York professor awarded nearly $1M for Indigenous metaverse project
Federal funding will go towards further developing immersive video game where players learn the Anishinaabe language, culture and ways of life
TORONTO, June 4, 2024 – Maya Chacaby, a sociology professor at York University’s Glendon Campus, is the recipient of close to $1 million in federal funding for her Indigenous-led metaverse project Biskaabiiyaang: Creating a path towards healing and reconciliation. Rebecca Caines, associate professor in theatre and creative technologies at York’s School of the Arts, Media, Performance & Design (AMPD), is a co-applicant. Robyn O’Loughlin joins the team as co-applicant working within the New Brunswick Ministry of Education. York and the Nokiiwin Tribal Council are also partners in the grant application. The award was created in response to Call to Action 65 to establish a national research program to advance understanding of reconciliation. It is a joint initiative of the Social Sciences and Humanities Research Council (SSHRC) and the National Centre for Truth and Reconciliation.
Chacaby’s immersive virtual game is set in a post-apocalyptic world invaded by linguicidals responsible for the death of the Ojibwe language Anishinaabemowin. It challenges players to learn the language — and save it from extinction — by exploring ruins, listening to the teachings of Elders and taking lessons from nature. Players discover how Indigenous history and culture have a role in returning beauty and magic to this world where Anishinaabe ways of life prevail. As an Indigenous community-led research project, Nokiiwin Tribal Council guides the work ensuring that Indigenous communities are first and foremost in the project’s direction.
“Metaverses, as we see them in the Western world, are spaces where Indigenous people do not exist,” says Chacaby, who is Anishinaabe, Beaver Clan from Kaministiquia (Thunder Bay). “That is a form of colonial erasure happening in these new technologies that I really want to disrupt.” Part of the groundbreaking interdisciplinary research program Connected Minds: Neural and Machine Systems for a Healthy, Just Society, Biskaabiiyaang works to address the impacts of colonization on Indigenous communities, support culture-based healing practices and encourage language reclamation.
Chacaby, a research associate with the Centre for Indigenous Knowledges and Languages, has long promoted Anishinaabe culture and language through courses she’s developed at Glendon. In 2016, for her online classes, she crafted a Dungeons and Dragons-style, card-based role-playing game in Anishinaabemowin. This gamified approach to learning led to soaring proficiency levels, with grammar and other difficult areas of language acquisition becoming easier as students developed characters and completed quests. But Chacaby wanted anyone to have access to this education. That’s where the metaverse came in.

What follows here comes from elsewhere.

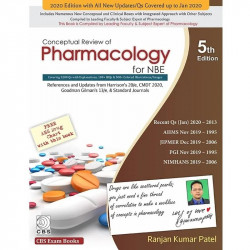CONCEPTUAL REVIEW OF PHARMACOLOGY FOR NBE 5ED (PB 2020) book by RANJAN KUMAR PATEL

An avid gamer, Chacaby noted how within massively multiplayer online role-playing games (MMORPGs) like World of Warcraft and Fallout, players use and coin terms that are only understood by other users and immediate team members. That made her realize these virtual worlds were environments ripe for learning. “I thought, ‘If young people can talk in this very sophisticated technical language about a made up world, we can do the exact same thing with the culture’,” says Chacaby.
The project uses research-creation methodologies to build an audio and visual archive that is the foundation of the Biskaabiiyaang metaverse. Scott Baker, the education manager for the Nokiiwin Tribal Council, describes his excitement about Elders’ teachings making their way into the virtual world. “What the SSHRC grant is going to open up for us is to start collecting these stories,” says Baker.
“We’re actually documenting stories and teachings, and these will live long beyond when I’m gone,” says Audrey Gilbeau, executive director of the Tribal Council. A co-creation with community Elders and Indigenous youth, the virtual world is a community-built and -owned archive that’s alive, growing and changing. She says that Elders and Knowledge Keepers who have passed away over the past five years, since work on Biskaabiiyaang began, continue to live on in the recordings and stories captured in the project.
The best way for a community to hold an archive is in a format that people can access, says Caines, adding: “The metaverse is the archive.” The researchers have partnered with UniVirtual, a virtual world platform, to build the metaverse and bring the archive to life. Content in the metaverse is based upon Anishinaabe worldview and culture as well as family histories and individuals’ lived experiences. The virtual world is a place where players learn by undertaking quests and interacting with traditional tools and objects, teachings, and language learning modules using culture-based game mechanics.
In partnership with AMPD’s new creative technologies program opening at Markham Campus, undergraduate students, graduate students and postdoctoral research fellows will come together with Indigenous teens from the region to work on the metaverse at the new facilities, as well as gain on-site training in Northern Ontario. Biskaabiiyaang is the first step in a decade-long project running in tandem with the UNESCO International Decade of Indigenous Languages. A multi-year project, it is a direct response to the Truth and Reconciliation Commission Call to Action 65.